Records from a data collection
────────

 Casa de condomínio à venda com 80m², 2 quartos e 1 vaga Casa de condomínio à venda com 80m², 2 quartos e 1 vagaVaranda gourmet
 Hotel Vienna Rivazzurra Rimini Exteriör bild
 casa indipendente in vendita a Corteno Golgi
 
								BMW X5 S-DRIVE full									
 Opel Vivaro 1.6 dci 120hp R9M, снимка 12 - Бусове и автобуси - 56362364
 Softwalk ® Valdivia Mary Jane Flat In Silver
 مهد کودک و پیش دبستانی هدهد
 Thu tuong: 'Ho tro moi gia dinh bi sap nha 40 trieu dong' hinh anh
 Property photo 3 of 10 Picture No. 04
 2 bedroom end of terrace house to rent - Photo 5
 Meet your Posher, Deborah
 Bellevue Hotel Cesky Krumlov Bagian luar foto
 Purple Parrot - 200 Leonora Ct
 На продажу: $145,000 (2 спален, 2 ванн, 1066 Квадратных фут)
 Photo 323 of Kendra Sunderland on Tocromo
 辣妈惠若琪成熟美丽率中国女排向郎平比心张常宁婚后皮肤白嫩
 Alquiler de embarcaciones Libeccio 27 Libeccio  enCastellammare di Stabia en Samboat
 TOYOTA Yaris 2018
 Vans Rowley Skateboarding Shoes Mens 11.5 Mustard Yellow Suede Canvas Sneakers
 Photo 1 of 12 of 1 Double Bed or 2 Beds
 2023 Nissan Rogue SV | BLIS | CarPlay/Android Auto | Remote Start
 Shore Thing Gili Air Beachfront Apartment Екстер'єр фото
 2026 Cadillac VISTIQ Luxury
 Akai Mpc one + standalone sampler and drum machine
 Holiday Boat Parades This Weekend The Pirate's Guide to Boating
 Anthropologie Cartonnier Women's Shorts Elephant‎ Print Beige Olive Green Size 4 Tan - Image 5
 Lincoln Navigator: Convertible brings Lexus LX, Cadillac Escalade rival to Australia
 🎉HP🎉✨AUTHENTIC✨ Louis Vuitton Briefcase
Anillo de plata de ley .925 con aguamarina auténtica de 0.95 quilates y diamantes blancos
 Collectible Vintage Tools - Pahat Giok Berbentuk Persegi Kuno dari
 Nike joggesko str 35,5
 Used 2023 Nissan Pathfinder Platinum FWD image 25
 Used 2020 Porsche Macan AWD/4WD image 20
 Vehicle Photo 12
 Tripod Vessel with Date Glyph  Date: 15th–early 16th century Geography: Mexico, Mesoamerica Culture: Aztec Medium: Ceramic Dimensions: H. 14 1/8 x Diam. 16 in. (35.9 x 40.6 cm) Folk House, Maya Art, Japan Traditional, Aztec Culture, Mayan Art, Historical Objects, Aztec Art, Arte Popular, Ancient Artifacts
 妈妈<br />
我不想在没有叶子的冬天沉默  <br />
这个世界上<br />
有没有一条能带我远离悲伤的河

────────

## Directions
Search the entries for "Nissan" and copy out each line that has it.

## Response area
 2023 Nissan Rogue SV | BLIS | CarPlay/Android Auto | Remote Start
 Used 2023 Nissan Pathfinder Platinum FWD image 25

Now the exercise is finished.